The researchers have already created a map of Edmonton as a pilot project.
“Folks, we find, that are living in the western and the southern parts of the city get a lot more exposure to smog and air pollution and that direct heat, whereas folks living closer to the river, in downtown, are actually experiencing sometimes considerably less levels of exposure,” Lowe said.
“The impacts of climate, air pollution, temperature, are not static across the city,” Lowe added. “Based on that, how can we kind of tailor approaches to help mitigate the health impacts that are maybe going to be more relevant for Westmount, or Ellerslie or north Edmonton or downtown?”
This new project will expand on that — looking province-wide.

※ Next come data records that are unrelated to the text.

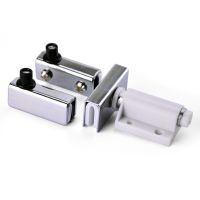 Free Opening Up and Down Shaft Hinge Glass Hardware Fittings Hinge Silver Furniture Cabinet Door Single Double Door Glass Hinge Door Hardware Locks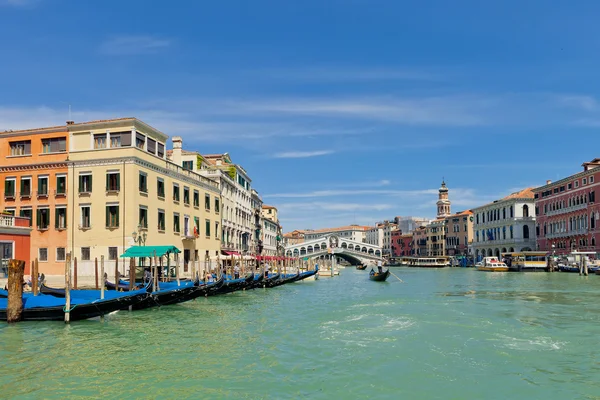 Panoramic view of Grand Canal. Venice, Italy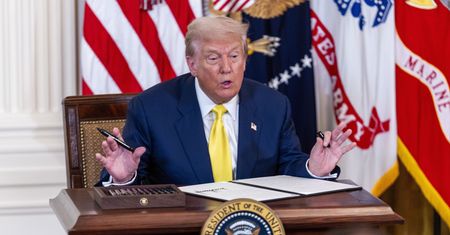 Trump o fali przemocy w Waszyngtonie. Zwołał konferencję prasową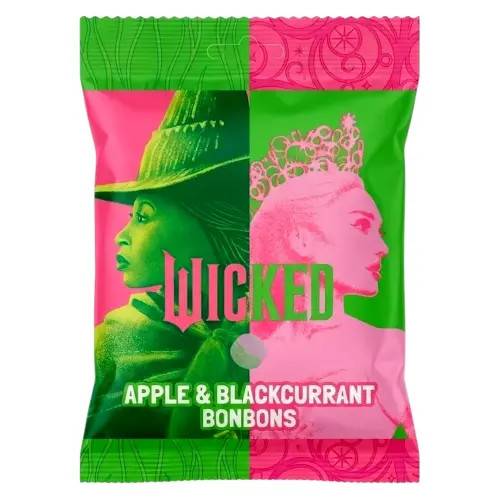 Wicked Äpple & Svartvinbär BonBons 90g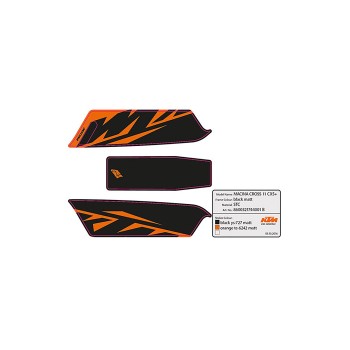Pegatina batería KTM Macina Cross 11 CX5+ black/orange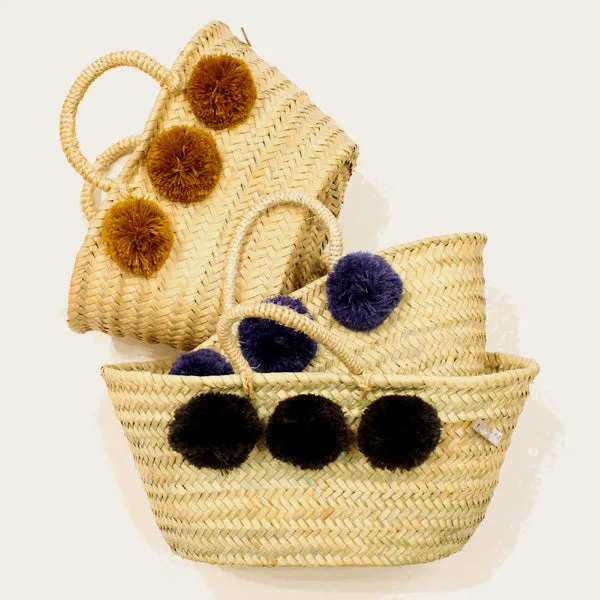 Bohemia Design Mini Pom Pom Basket – Mustard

“In the rural areas, we think (of) great sweeping swaths of nature and a lot of green space, so they must be doing well, but when we think about their access to health services and different mitigation abilities, that is typically a lot less prevalent in these rural areas,” Lowe explained.

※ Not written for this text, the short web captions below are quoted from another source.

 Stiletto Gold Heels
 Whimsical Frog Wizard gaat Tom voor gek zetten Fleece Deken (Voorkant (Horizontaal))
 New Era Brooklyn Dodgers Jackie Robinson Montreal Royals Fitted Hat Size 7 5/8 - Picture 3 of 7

“We just really want to highlight to people, but also to stakeholders, governments, health-care providers, that when we’re thinking about the health of our populations, we can’t separate that from climate. This is something that’s really relevant now and conversely, on the positive side, it’s actionable now.
“Say you have this tree-planting initiative. These specific areas seem to be where that’s going to make the most impact whereas this other area, they actually have a lot of green space, but we need to work more on the accessibility of transit to different health centres, for example.”
All the data that goes into creating the index is publicly available. Lowe says it comes from provincial and national environmental labs, meteorological data and the Canadian census.
The team hopes the information displayed in the maps will help as governments create policy, and to guide and inspire decisions by industry, community groups and individuals.
“I know sometimes the picture that’s painted can be a bit grim, but there are these really important, grassroots, community-level actions that we can take today, and that we are taking a lot of today, that, when scaled up to the population level, can have really positive impacts for our health,” Lowe said.